== Work to be completed ==
Please repeat each of the records that follow, exactly as written.

== Data to examine ==
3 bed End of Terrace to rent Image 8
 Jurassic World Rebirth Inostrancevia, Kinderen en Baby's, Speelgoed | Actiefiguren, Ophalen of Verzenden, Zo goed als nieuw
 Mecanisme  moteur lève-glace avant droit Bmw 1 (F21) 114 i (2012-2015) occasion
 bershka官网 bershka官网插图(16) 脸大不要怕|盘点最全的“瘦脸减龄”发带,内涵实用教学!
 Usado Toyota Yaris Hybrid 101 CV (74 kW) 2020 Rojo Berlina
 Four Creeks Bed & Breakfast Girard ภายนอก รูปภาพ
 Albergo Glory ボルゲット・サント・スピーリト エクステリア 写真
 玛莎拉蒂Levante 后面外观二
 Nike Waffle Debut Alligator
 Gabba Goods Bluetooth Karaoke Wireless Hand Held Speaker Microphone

== Result of this task ==
3 bed End of Terrace to rent Image 8
 Jurassic World Rebirth Inostrancevia, Kinderen en Baby's, Speelgoed | Actiefiguren, Ophalen of Verzenden, Zo goed als nieuw
 Mecanisme  moteur lève-glace avant droit Bmw 1 (F21) 114 i (2012-2015) occasion
 bershka官网 bershka官网插图(16) 脸大不要怕|盘点最全的“瘦脸减龄”发带,内涵实用教学!
 Usado Toyota Yaris Hybrid 101 CV (74 kW) 2020 Rojo Berlina
 Four Creeks Bed & Breakfast Girard ภายนอก รูปภาพ
 Albergo Glory ボルゲット・サント・スピーリト エクステリア 写真
 玛莎拉蒂Levante 后面外观二
 Nike Waffle Debut Alligator
 Gabba Goods Bluetooth Karaoke Wireless Hand Held Speaker Microphone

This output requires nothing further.